On sait déjà depuis longtemps, depuis l’annonce de la création du SNU – ce que les rapports de l’INJEP confirment en filigrane – que les objectifs mis en avant, n’ont pas résisté à l’épreuve des faits : mixité sociale, culture de l’engagement, solidarité, insertion sociale et professionnelle, bilan scolaire et sanitaire, autant de justifications laborieuses qui se sont égarées en chemin au fil des séjours dits d’intégration ou des missions d’intérêt général. Sauf, bien sûr, à confondre mixité sociale et uniforme, engagement des jeunes et inscription d’une poignée d’entre eux à un séjour dont la finalité échappe aux premiers concernés.
Que reste-t-il alors du SNU ? Essentiellement, la mise en scène d’une jeunesse militarisée et patriotique, disciplinée ou plutôt soumise, « un message adressé à une opinion publique nostalgique du service militaire, fantasmé comme le garant d’un ordre civique perdu. » Le SNU, c’est surtout la confusion obstinément entretenue entre solidarité et nationalité, entre citoyenneté et identité nationale, la nation faisant arbitrairement figure de seul espace de socialisation possible, quand elle n'est qu’une construction historique parmi d’autres, élaborée sur une appartenance factice et exclusive, ne distinguant dans l’humanité que les Français et les non-Français. Vu sous cet angle, le SNU, c’est aussi cette grossière supercherie qui voudrait faire croire que ce qu’une quinzaine d’années de vie commune à l’école n’aurait pas permis d’acquérir pourrait être magiquement compensé par 15 jours d’immersion obligatoire dans le culte de la patrie.
Dans ces conditions, jusqu’où faut-il prolonger
l’imposture ? Une phrase sibylline de Sarah el Haïry n’a pas été relevée
par son auditoire : en affirmant avoir « atteint le plafond de verre
du volontariat », elle reconnaît implicitement les limites et le côté
artificiel du SNU. De fait : avec, pour l’année 2022, 40 000
volontaires sur un total de 2, 4 millions de jeunes potentiellement concernés
(les trois classes d’âge de 15 à 17 ans), on comprend aisément que la
communication officielle ne pourra se poursuivre indéfiniment. Et quand la
secrétaire d’état assure « aller vers un plein déploiement » du SNU
avant de refréner ses ardeurs (« rien n’est arrêté »…) , c’est sans
doute qu’elle prend en considération que le plein déploiement en question –
initialement prévu en 2024 – demanderait de débloquer bien plus que les 30
millions d’euros supplémentaires prévus au budget de 2023 (budget total : 140
millions d’euros), en réalité 100 fois plus ; sans compter sur l’opposition
à attendre de jeunes où les non volontaires seraient manifestement nettement plus
nombreux que les volontaires. Même s'il est vrai, comme relevé précédemment, que le SNU n'a pas de prix...

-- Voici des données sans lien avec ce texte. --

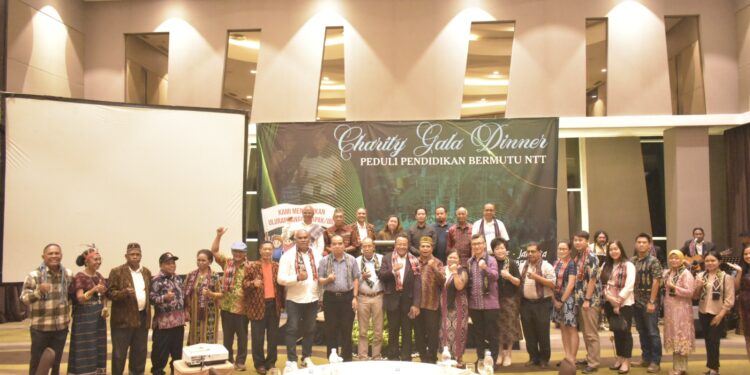 H. Sulaeman L Hamzah, Sumbang 1000 Sak Semen Untuk SMARD Lembata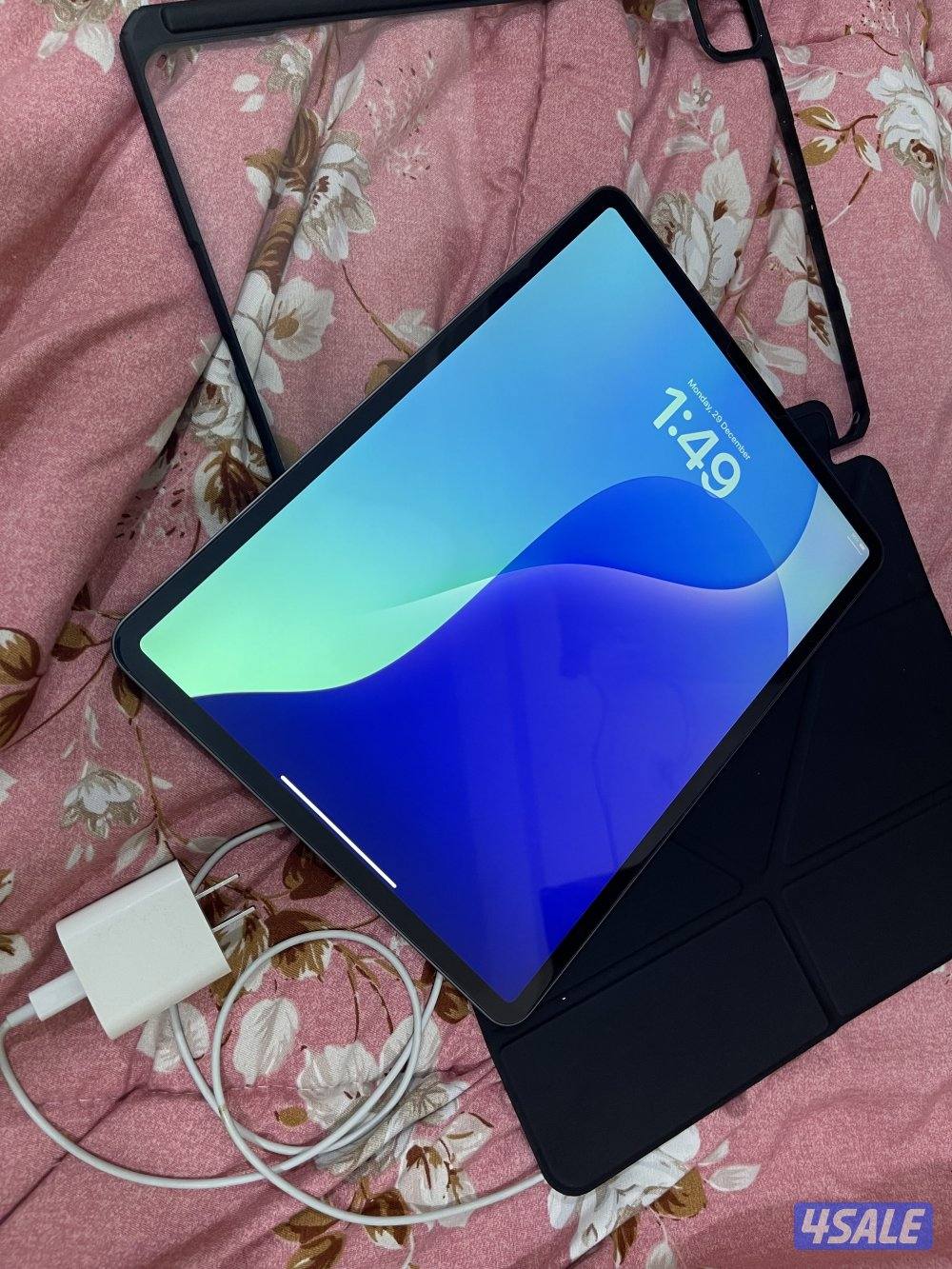 ايباد ابل برو 12.9 بوصة 1000قيقا ون تيرا الجيل الرابع بطارية 906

Reste alors un contournement possible, suggéré par Sarah el Haïry, reprenant une directive nationale (26/08/2021) peu relevée sur le moment : « cibler les décrocheurs scolaires » et les lycées professionnels. L'amour de la patrie comme remède aux difficultés scolaires ? Les difficultés en question tout comme l’orientation en lycée pro concernant très majoritairement les élèves issus de milieux défavorisés, on comprend alors que l’identité nationale retrouve ici l’une de ses vertus cardinales : entretenir la croyance en une collectivité nationale présentée comme naturelle pour légitimer un ordre politique et social (et donc scolaire...) qu’on feint de croire immuable.